Он и заметить не успел, как собрал выводок из сорока с лишним детей. Многие из них, усыновленные и удочеренные тремя большими партиями на протяжении почти трех десятилетий, вернулись в Микронезию, где трудятся сейчас врачами, юристами, университетскими преподавателями, поварами, учителями и дипломатами. Другие предпочли остаться в Соединенных Штатах, где они работают или продолжают учиться. Есть, к сожалению, и третья группа; ее члены обнищали и скатились к жизни наркоманов и преступников. (Когда у тебя сорок три ребенка, нельзя ожидать, что все добьются успеха.) Но теперь, конечно, никто из них больше не считается ребенком Нортона.
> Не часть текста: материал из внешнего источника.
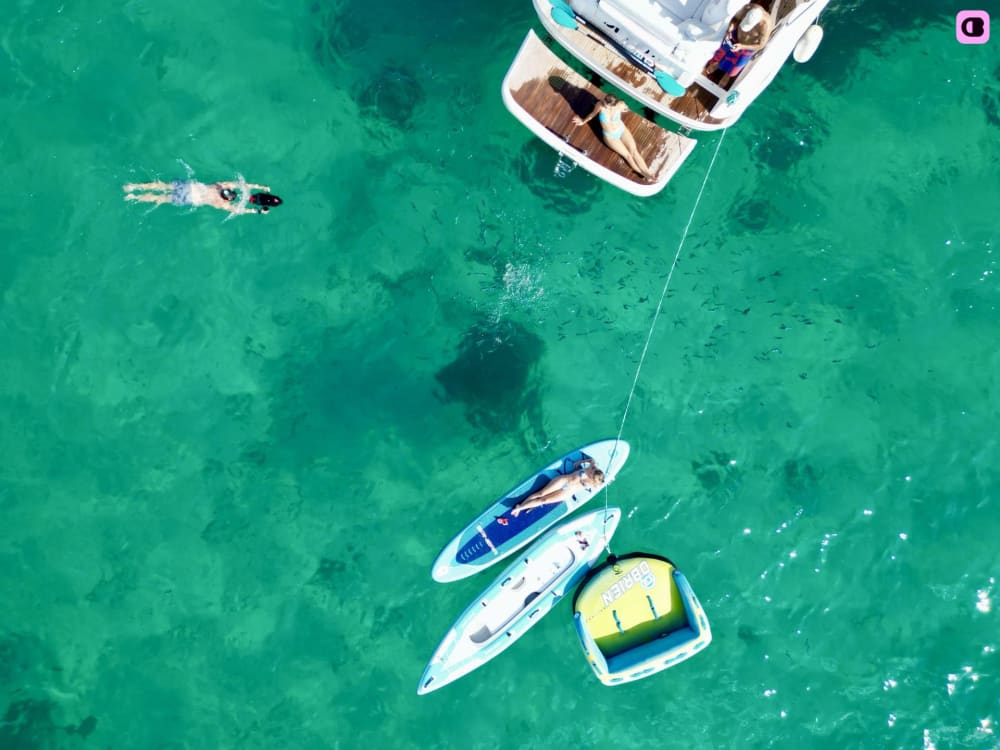 Circuit touristique phare – Croisière d'une demi-journée sur la Riviera à bord du Bavaria S40 3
И Нортон, по их собственному выбору, больше не считается их родителем: это почти массовое отречение в ходе недавнего процесса оказалось просто чудовищным. Этот человек, в конце концов, дал им крышу над головой, язык, образование – те инструменты, при помощи которых они могли его предать, что в результате и сделали. Дети Нортона слишком хорошо выучили язык Запада, язык Америки; откуда-то они узнали, что обвинения в извращениях – беспроигрышный трюк, что с ними не сможет справиться даже Нобелевская премия, даже уважаемый ученый. Очень жаль; когда-то ко многим из них я питал теплые чувства.